Second, our findings not only reinforce but also extend prior multimedia research by showing that initial negative effects of extraneous information on learning disappear because people learn to adapt their study strategy. Furthermore, this finding also extends prior eye-tracking research. It had been shown that people learn to ignore task-irrelevant information during task performance as a result of task experience (Haider & Frensch, 1999) or increased prior knowledge (Canham & Hegarty, 2010; Hegarty et al., 2010). Our findings demonstrate that people can also learn to ignore irrelevant information during learning, and that this is associated with better learning outcomes. Thus, our findings suggest that task experience may be a boundary condition for the negative effect of extraneous information on learning, because participants stop allocating attention to this information.

Third, the finding that learners seem able to adapt their study strategy to cope with the extraneous information (at least when this information always appears in the same location), without explicit instruction to do so, demonstrates the importance of studying multimedia learning principles over time, taking into account potential changes in study strategy. This focus on spontaneous adaptations of study strategies in multimedia learning is scarce, but fits well with a relatively new line of research in which participants are successfully instructed to self-manage their cognitive load during multimedia learning by changing their study strategy (e.g. Agostinho et al., 2013; Gordon et al., 2016; Roodenrys et al., 2012), and with research on training multimedia learning strategies (e.g. Bodemer et al., 2004; Mason et al., 2016; Stalbovs et al., 2015). These studies on strategy training, combined with those of the present study, show the importance of studying multimedia learning principles over time, as participants might be able to overcome suboptimal instructional design, with or without explicit instruction to do so.

Although these findings on effects of task experience may bring to mind an ‘expertise reversal effect’ (Kalyuga, 2014), they are rather different. The expertise reversal effect states that learning materials that are essential and non-redundant for novices become redundant when learners gain or have more prior knowledge, at which point they will no longer aid, and might even hinder learning. Thus, an expertise reversal effect would imply that information becomes extraneous and starts to hamper learning as task experience increases, whereas in our study the extraneous information stops hampering learning as task experience increases. Moreover, in contrast to the expertise reversal effect, participants in our study did not gain experience with (or knowledge of) the task content (i.e. the word definitions) over time, but with the task presentation.
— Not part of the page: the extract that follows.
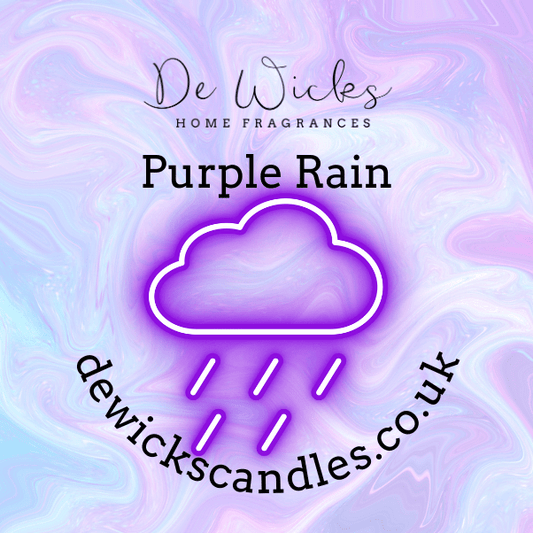 Purple Rain - De Wicks Home Fragrances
Limitations and Future Research

A limitation of the present study lies in the materials used. In experiments 1a and 1b, we failed to establish a coherence effect, as there was no negative effect of mismatching pictures compared with a no-picture control condition. We did, however, find a small but significant and consistent negative effect on learning of mismatching compared with matching pictures, which was suitable for addressing our main hypothesis that such a negative effect might diminish with task experience. Furthermore, the learning materials used in the present study were specifically designed to test our hypothesis and as such have rather low ecological validity. Yet, pictures that are irrelevant for the learning task, and might even conflict with it, are ubiquitous in textbooks and e-learning materials, and our study provides a first indication that students can learn to ignore this extraneous information, and that when they do, it no longer hampers their learning.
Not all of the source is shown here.